The University of Michigan Institute for Social Research will oversee the creation of new data archives and software researchers can use to access, organize, analyze and contribute data. The project’s estimated completion is expected in January 2027.
An abstract for the grant notes how incompatible standards for data, lack of interoperability, and the inherent difficulty of managing big data all add friction to research, creating “an urgent need for new modes of access, confidentiality protection, methodological approaches, and tools.” By “modernizing” data management in the social and behavioral sciences, the Research Data Ecosystem is expected to create opportunities for researchers that are not possible with existing infrastructure.
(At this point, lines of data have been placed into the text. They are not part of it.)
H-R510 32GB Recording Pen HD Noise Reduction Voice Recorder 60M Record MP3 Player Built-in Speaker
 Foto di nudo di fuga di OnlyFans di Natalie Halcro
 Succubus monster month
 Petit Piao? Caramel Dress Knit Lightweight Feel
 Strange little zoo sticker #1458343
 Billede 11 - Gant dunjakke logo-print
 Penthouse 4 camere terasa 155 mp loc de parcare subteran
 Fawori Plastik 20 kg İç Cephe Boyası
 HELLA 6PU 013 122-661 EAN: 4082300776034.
“To truly leverage the societal benefits of science, researchers across the U.S. must be able to access and analyze critical data with greater efficiency while simultaneously maintaining rigorous standards for privacy and scientific integrity,” a release quotes Kellina Craig-Henderson, the NSF’s acting assistant director for social, behavioral and economic sciences. “The Research Data Ecosystem project will modernize the management and use of many types of people-centered data, thus accelerating multidisciplinary research focused on serving society and improving the lives of people all over the country.”
Specifically, the abstract explains that ecosystem will develop software that enables:
1) Interoperability: An integrated system for the entire research data lifecycle, so that work done early in the data lifecycle is useful at later stages, making it possible to integrate data from different sources;
2) Reproducibility: Making it easier to reproduce and build on prior research results by being able to find and re-use data and code;
3) Transparency: Providing information about provenance, including source, code, method of collection, etc. for research data;
4) Increased efficiency of data sharing: Reducing burden on data producers in sharing data and ensuring that shared data are findable, accessible, interoperable, and reusable; and
5) Confidentiality protection while increasing research access.
To achieve these goals, the project will develop a metadata specification, the Research Data Description Framework, similar to the Resource Description Framework.
The principal investigator for the ecosystem is economist Margaret Levenstein, who directs the Inter-university Consortium for Political and Social Research based at the University of Michigan. Co-principal investigators are psychologist Richard Gonzalez, economist David Lam, political scientist Kenneth Kollman and sociologist Jeffrey Morenoff.